Today marks the 15th anniversary of my blog. I still try to post at least once per week on a tax policy matter and hope for comments and discussion to promote greater focus on various tax policy issues that exist in our current tax systems and in proposals to make tax changes. I also note where provisions and proposals meet principles of good tax policy but more often we see proposals that are contrary to good tax systems.
This year I plan to blog and write more on tax transparency so that we can all better understand how our tax systems work. I think if more people understood spending in our tax system (tax expenditures) versus direct spending (such as what you see in agency budgets), our tax system would look different.
I like this observation from a 2006 congressional report on tax expenditures:
"A major criticism of the mortgage interest deduction has been its distribution of tax benefits in favor of higher-income taxpayers. It is unlikely that a housing subsidy program that gave far larger amounts to high income compared with low income households would be enacted if it were proposed as a direct expenditure program.
The preferential tax treatment of owner-occupied housing relative to other assets is also criticized for encouraging households to invest more in housing and less in other assets that might contribute more to increasing the Nation's productivity and output."
Similar comments are made in the 2016 version of the report (see page 323 et seq).
The report also notes that home ownership rates in the U.S. are similar to those in the UK and Canada and they don't have a mortgage interest deduction.
Basically, the mortgage interest deduction mostly helps higher income individuals purchase a more expensive home and even a vacation home too since the deduction is for mortgage interest on a principal and second home.
Today, only 11% of individuals itemize and not all of them have a mortgage. This would be a good time to repeal this deduction. It should be down via a phaseout with a longer phaseout period for individuals with income below $150,000. A better replacement would be a first-time homebuyer credit that is available only once in your lifetime and phases down as income goes up. It should be adjusted for the regional home price.
We don't often see these proposals. President Bush's 2005 Advisory Panel on Federal Tax Reform suggested replacing the deduction with a 15% credit based on the regional home price. I think we don't see such proposals because too many people believe that the home mortgage deduction is key to being able to purchase a home and don't see that the bulk of this subsidy goes to higher income individuals - basically, spending money on people who really don't need it (they could purchase a less expensive home with a smaller morgage).
So, I'm working on another paper on tax transparency focused on tax expenditures to highlight issues with them such as highlighted above. I think a unified budget that shows both direct spending and spending in the tax law in the same document would shed a lot of light on government spending such that people would then ask questions on why subsidies for a vacation home exist or why a good deal of subsidies help higher income individuals more than lower income individuals.
What do you think?
What do you think of when you hear "tax transparency"? Please leave me a comment. Thanks for reading my blog!

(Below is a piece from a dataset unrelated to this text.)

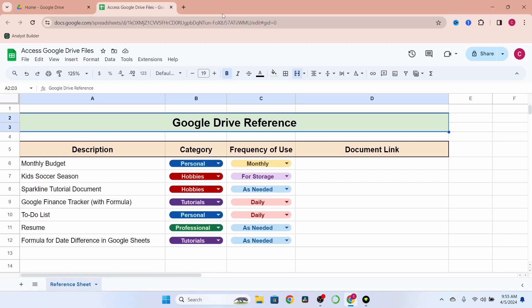Hey guys, I'm just going to keep this one short today. For all you organizational nuts looking to keep track of your different reports, documents, or what have you, Google Drive offers an excellent way to do this. By using links or chips within Google Sheets, you can easily manage your files on a daily, weekly, monthly, or storage-only basis. Let me show you.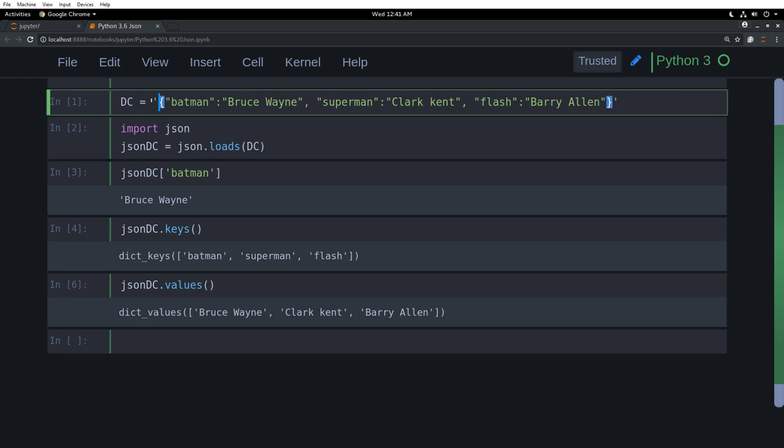I will have a Justice League as the key of the JSON file. I have a JSON file which is called Justice League. And it's called some other league, New League or whatever. Or Teen Titans, maybe.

Happy Anniversary Annette! Interesting proposal. Worthwhile to note however that the mortgage interest deduction is already limited (to interest now on the first $750,000 of a home mortgage for MFJ). So, the wealthy are not getting more of a tax break than many taxpayers, at least those in high cost of living states.

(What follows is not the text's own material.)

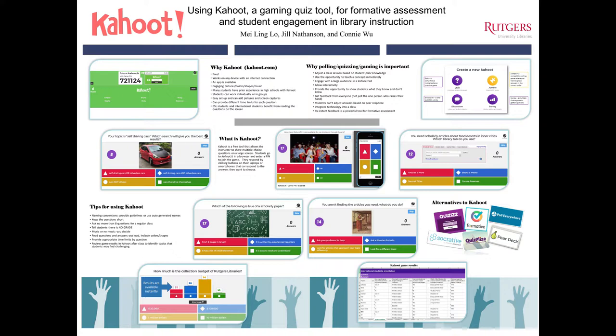Since Mei-Ling and Connie started using Kahoot, they've had international students greet them in the hallway and tell them how much they enjoyed the game in orientation. We think Kahoot is great and we encourage others to try it out at Kahoot.com.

ReplyDeleteI wonder if only 11% itemize, and if the interest deduction were eliminated, what percentage would remain? Perhaps so few would remain that it would make sense to just eliminate itemized deductions? The TCJA cut back many itemized deductions already, and the area seems a hodge-podge of seemingly contradictory rules. Medical expenses must be ABOVE a % of AGI. SALT deductions must be at or BELOW $10,000. Donations are limited to certain %s of AGI but the excess can be carried over. Federal Disaster Area casualty losses are deductible, but all other such losses are not.